OCaml on Cuda: Spoc, Sarek, Matrix Multiply?

I have recently been looking at GitHub - mathiasbourgoin/SPOC: Stream Processing with OCaml for OCaml GPGPU, and I have a few questions.

  1. Licensing. I’m not a lawyer, and this is not legal advice: Is that correct that Cecill == GPL and Cecill-B == BSD/MIT/APACHE ? This is confusing me as the web refers it to “Cecill family of licenses”, and in my mind, GPL/LGPL/AGPL does not belong in the same ‘family’ as MIT/BSD/APACHE.

  2. Naming. So in Cuda, we have two parts:

2.1. the *.cu files (actual cuda kernel), written in Cuda-C, compiled and run on the GPUs
2.2. some C/C++ wrapper that calls the Cuda drivers (on CPU side) to control stuff like: upload data to GPU, download data from GPU, call kernels on GPU variables, etc …

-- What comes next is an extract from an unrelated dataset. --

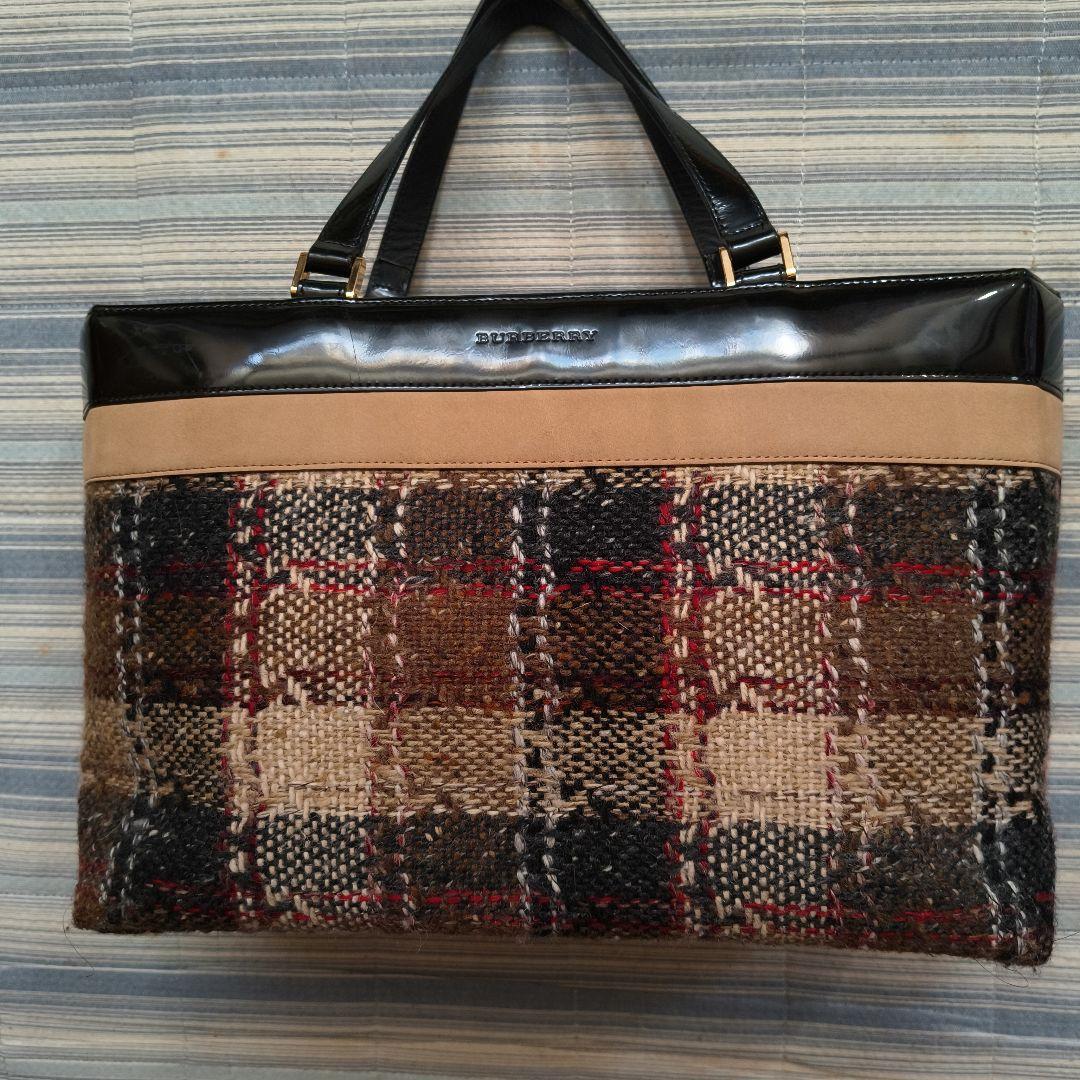 BURBERRY チェック柄トートバッグ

Is it correct that Sarek == OCaml DSL for writing cu files, and SPOC == doing the C/C++ driver side of uploading/downloading data / running kernels

  1. Assuming I’m right on #2, I’m looking at the Sarek demos at SPOC/SpocLibs/Benchmarks at master · mathiasbourgoin/SPOC · GitHub – and I’m not finding Matrix Multiply.

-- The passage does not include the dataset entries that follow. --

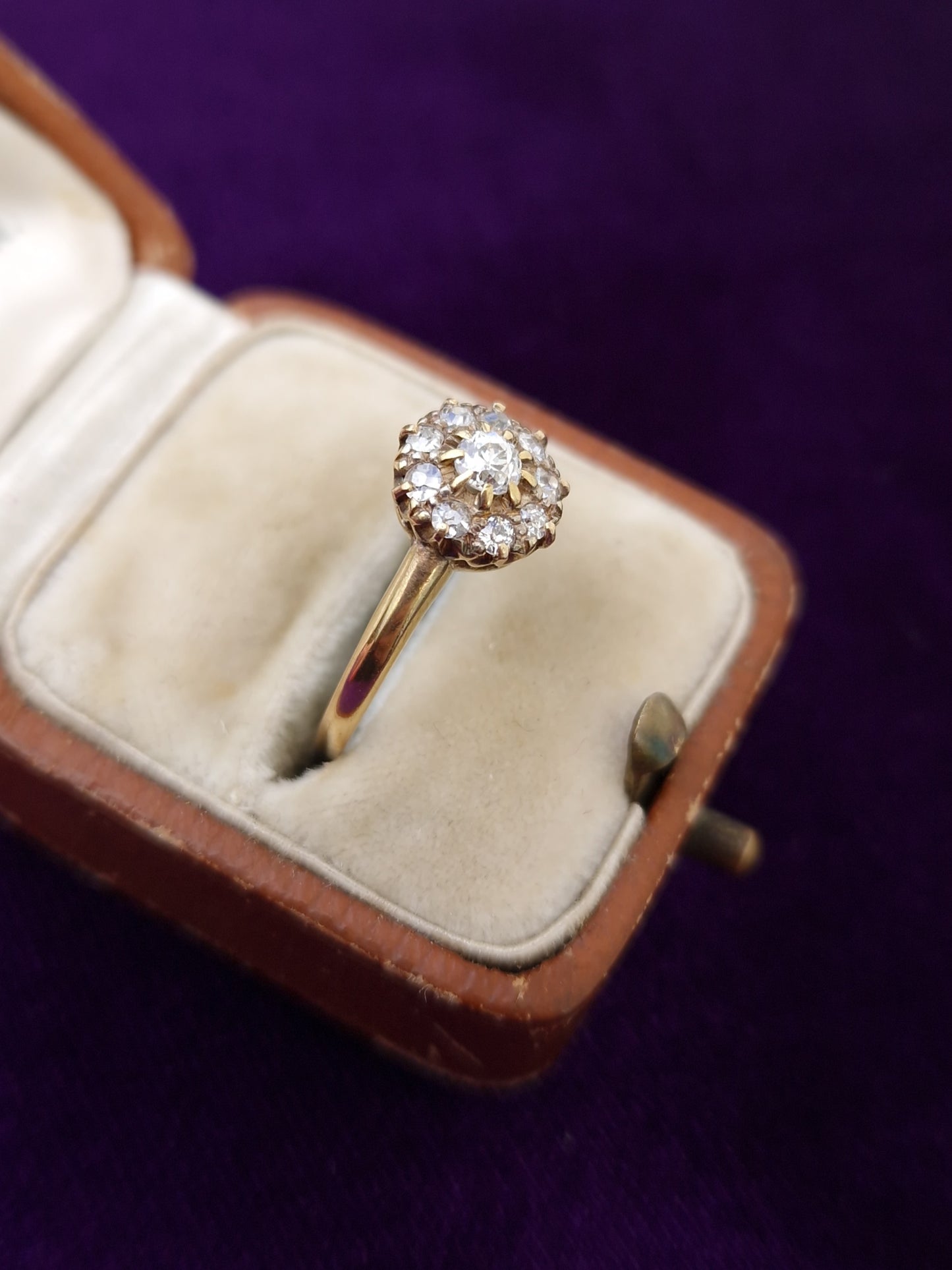 Antique Victorian 0.39ct Diamond Cluster 18ct Gold Ring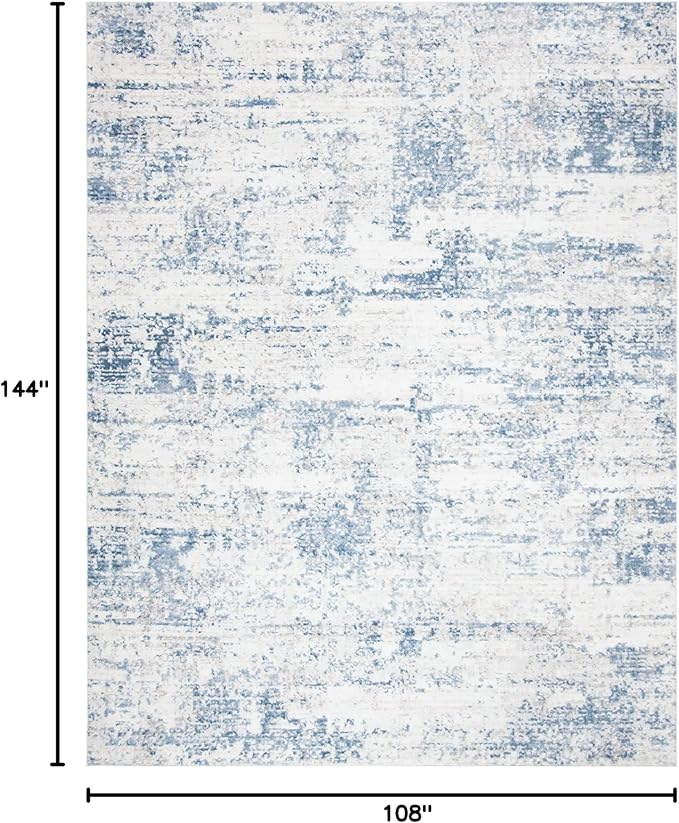 SAFAVIEH Amelia Collection Area Rug - 9' x 12', Ivory & Blue, Modern Abstract Design, Non-Shedding & Easy Care, Ideal for High Traffic Areas in Living Room, Bedroom (ALA700A)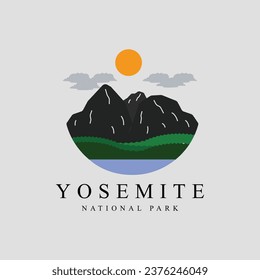 yosemite national park logo icon vector graphic design template simple minimalist vintage illustration outdoor symbol design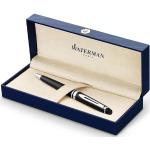 Waterman Expert stylo bille, noir brillant avec attributs chromés, pointe moyenne, encre bleue, coffret cadeau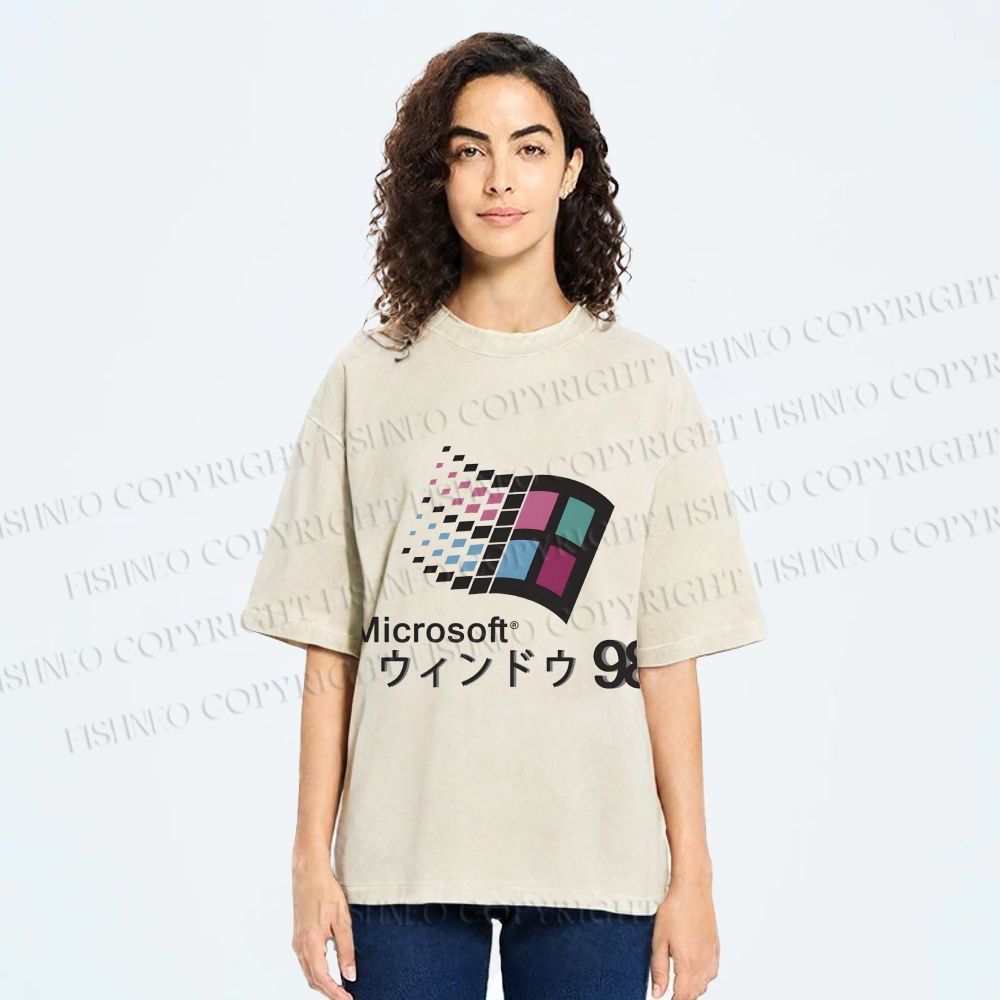 Microsoft Windows 98 Vintage Wash Japanese Design T-Shirt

I am wondering if anyone has sample Sarek code for CUDA C++ Programming Guide

The reason I bring up this example is the following reason:

3.1 In Cuda sgemm, we do it in “tiles” and there is the issue of picking tile sizes. In C/C++/Cu land, this means a mess of keeping track of quite a few constants.

3.2 I’m wondering, in Spoc/Sarek, since the CU is generated at runtime, if there is an easier/cleaner way to handle this, i.e. both Spock/Sarek take the same tile_config as a parameter, and generates “tile size compatible” code for the Spock/Sarek interaction.

If I am understanding everything correctly, this could be a situation where Spock/Sarek has “cleaner” code because everything is in one language.

PS: If you have comments/insights on Spoc/Sarek, only tangentially related to the above, I’m interested in hearing them too.